Kansas coach Bill Self’s personal attorney has informed the NCAA, college sports’ governing body, that the Hall of Fame coach is considering legal action against the NCAA for its handling of the violations case involving Self and the Kansas men’s basketball program.
Scott Tompsett, Self’s attorney, said in a June 12 letter to the NCAA’s general counsel that Self was considering legal action for negligence, breach of contract, defamation and fraud, among other claims. As such, Tompsett requested the NCAA preserve evidence related to the investigation, as well as decades worth of NCAA policy precedent and materials related to KU’s case.
The existence of the letter was first reported by ESPN Thursday, but the Journal-World obtained a copy independently.
In addition to communications about the investigation into KU and Self, Tompsett’s letter requests the NCAA preserve evidence from the 2018 fraud trial in the Southern District of New York that made public the Adidas pay-for-play scandal.
The letter also requests the NCAA preserve an abundance of evidence dating back to 1990 for several categories, including communications relating to corporate entities and their relationship to athletic programs, NCAA oversight of apparel and shoe companies, and information communicated to the NCAA about shoe companies’ “perceived or actual influence on prospective student-athletes and prospective student-athletes’ choice of an NCAA member institution.”
In September 2019, the men’s basketball program was charged with five Level I NCAA rules violations delivered in a Notice of Allegations — the NCAA’s version of an indictment — including a lack of institutional control.
Self personally was handed a coach responsibility charge, and the penalties associated with the alleged violations carry potential show-cause — essentially a suspension — penalties for Self and assistant coach Kurtis Townsend, a postseason ban, loss of recruiting scholarships, and vacated wins.
KU, Self and Townsend have vigorously disputed the charges facing the program since the process began; however, Self’s threat of legal action seems to clearly demonstrate KU won’t quietly accept any punishment that results in the aforementioned penalties.
“To put it bluntly, the NCAA enforcement staff is attempting to end Mr. Self’s long and very successful coaching career for conduct which all coaches engage in and which the NCAA has known for many years is commonplace and permissible,” Tompsett wrote.
As support for that claim, Tompsett included in the June 12 letter a quote from Mike Brey, the recent National Association of Basketball Coaches president and the head men's basketball coach at Notre Dame.
"It kind of shocked me," Brey said in part during a recent interview with The Athletic's Seth Davis. "I never thought of it like that. If there's money changing hands, then yeah, they're a booster, but I don't think any of us look at the support we get from sneaker companies and think of that as violations. They're giving us information to help close the deal (with recruits). ... Every one of us works the shoe company angle to help us get players. I speak to those guys as much as I would speak to parents."
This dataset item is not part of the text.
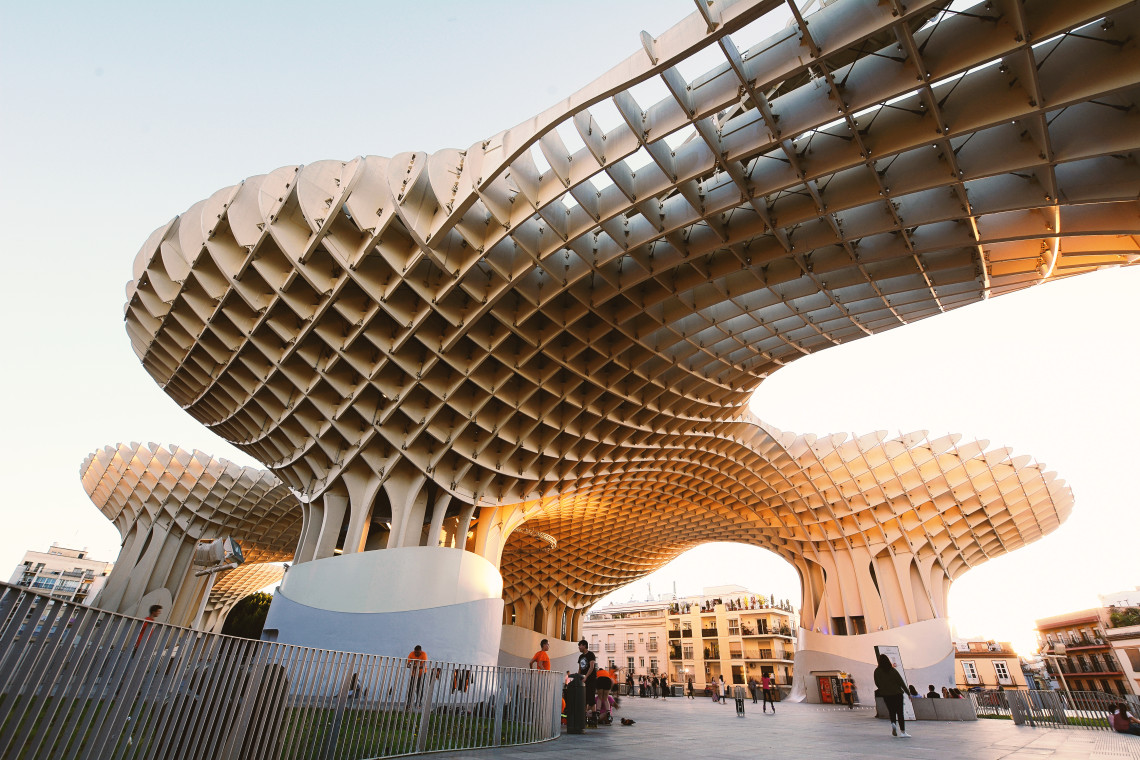The sweeping wooden lattice of Setas de Sevilla, also known as Metropol Parasol, rises above Plaza de la Encarnaci&oacute;n in Seville, Spain. Pedestrians walk beneath the curved structure in the warm evening light.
The allegations from the NCAA state that Self and Townsend showed a lack of control in allowing representatives from Adidas, KU’s apparel company, to have “unrestricted access” to players and families of potential KU recruits.
The alleged failure to monitor the representatives’ activities is what resulted in the guardians of former Kansas players Billy Preston and Cheick Diallo, as well as current player Silvio de Sousa, to receive illicit payments during their recruiting processes, the NCAA says.
The NCAA also argued that Adidas representatives were acting as boosters for KU, and as such had to be monitored by coaches at all relevant times to ensure compliance with NCAA rules.
As the Journal-World has previously reported, KU’s athletic department has routinely sent out compliance letters to area businesses reminding them of what constitutes a booster of the university. That letter makes it clear that companies like Adidas can be considered boosters.
The letter states: “A booster is an individual, independent agency, corporate entity (e.g. apparel or equipment manufacturer) or other organization that is known to …”
KU in its response to NCAA allegations in March, however, said that the NCAA was relying on a "never before alleged theory" that employees of corporate partners are boosters to college athletic programs. Seemingly the case against KU hinges on whether then-employees of Adidas are considered boosters.
T.J. Gassnola, the central figure in the Adidas pay-for-play scandal, testified in a 2018 federal trial that he and others intentionally concealed the payments from Self and Kansas.
In the letter, Tompsett wrote that allegations directed at Self “are contrary to longstanding NCAA precedent and the common practice that individuals who work in grassroots basketball openly share information with both college coaches and (potential student athletes).”
KU’s violations case has been referred to a new Independent Accountability Resolution Process that is separate from the NCAA. The five-person committee within that process has not yet publicly said whether it will hear the case.
If it won’t, the case will be heard through the typical route of the NCAA Committee on Infractions, which recently has ratcheted up the penalties it levies at schools found to have violated NCAA rules.
– Sports editor Matt Tait contributed to this article.